Recognizing & categorizing the world

Hi all,

today I wanted to share another paper published by Microsoft. It’s titled “Interactive 3D Labeling and Learning at your Fingertips” and demonstrates how their system is able to recognize objects on the fly online and how labelling works through voice commands.

Their demo gives us some coffee tables and chairs with bananas and mugs to scan. You can nicely see how the system creates joint surfaces by “crawling” over the voxels. Their paper goes into details on how their new volumetric inference technique, based on an efficient mean-field approximation, seperates or combines the scanned bits and pieces into valid objects. An interactive user support helps to recognize a new object class (e.g. swiping over the chair). Take a look:

For now still a limited demo with coarse results, but we can clearly see where things are heading! Imagine having all recognized objects synched to the cloud amongst all users.
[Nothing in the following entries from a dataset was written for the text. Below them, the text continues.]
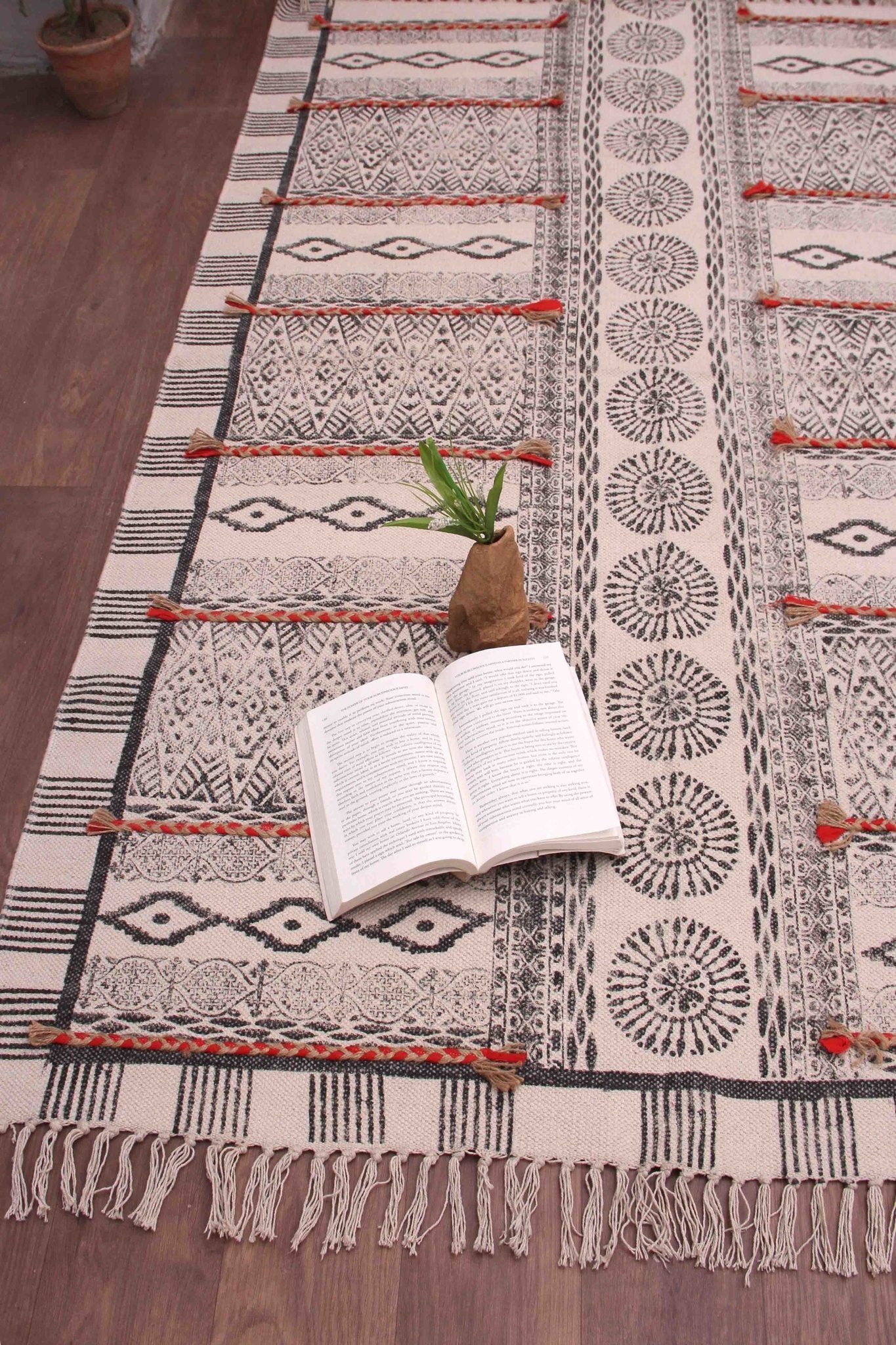 Detail of block-print on black dhurrie rug — Art Avenue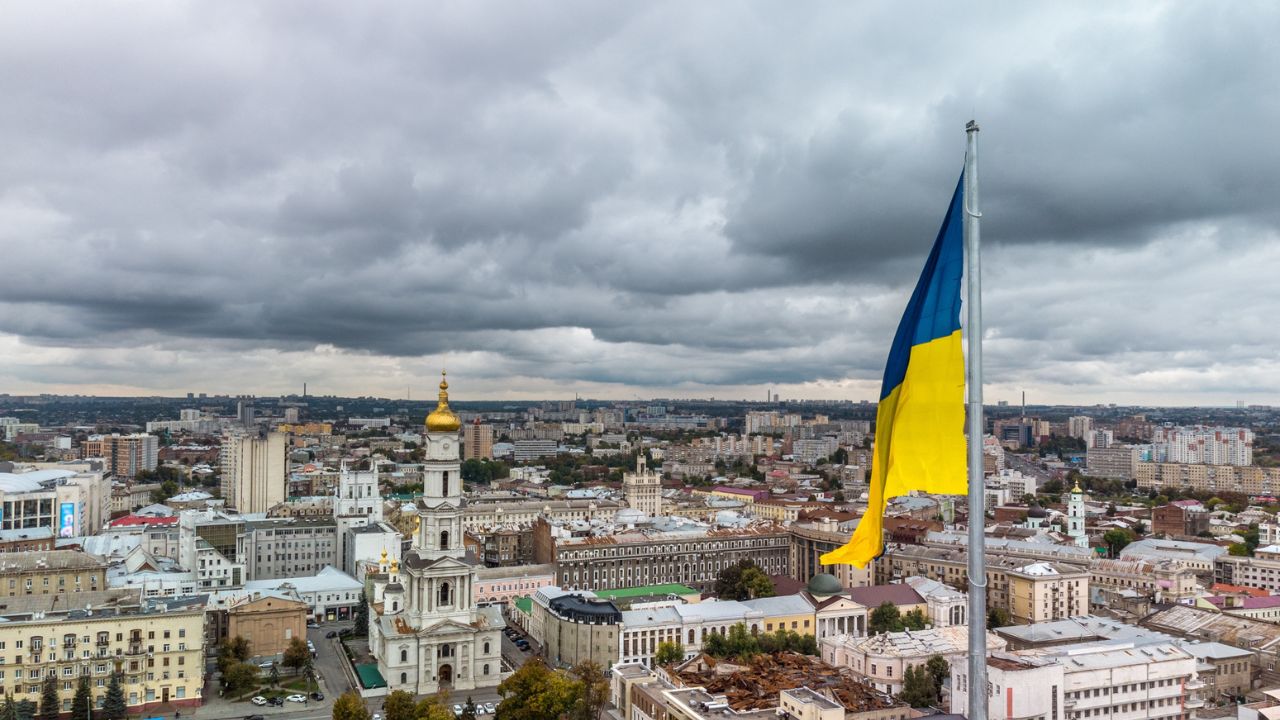 Flag of Ukraine close-up with autumnal epic gray cloudscape, city aerial view near river Lopan embankment, Dormition Cathedral in Kharkiv, Ukraine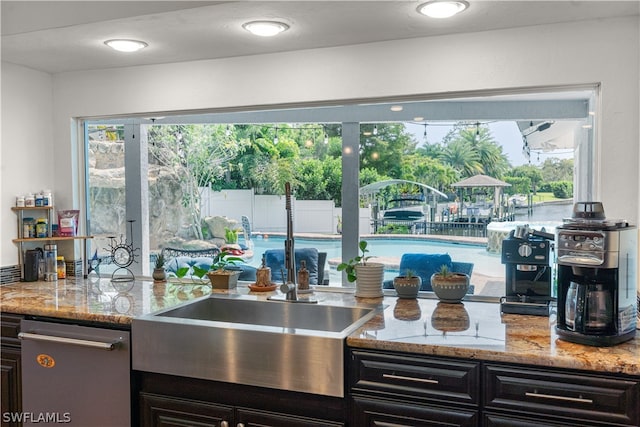 kitchen with light stone countertops and stainless steel dishwasher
Very soon Microsoft (or others) could create huge databases of everyday objects helping the machine to see and really to semantically understand objects around us! I’m not going to the scary direction now. The cool applications? Let the blind get audio-descriptions of objects and places, use it for independent robot navigation or for new gaming experiences. Here your system could fully understand your environment (not only a depth map of it for occlusions) and integrate it into the gaming virtual space. Be it physics beahviour (to make the virtual pieces more real) or completely new game concepts where you must use the correct real world props to interact with the virtual world! Exciting!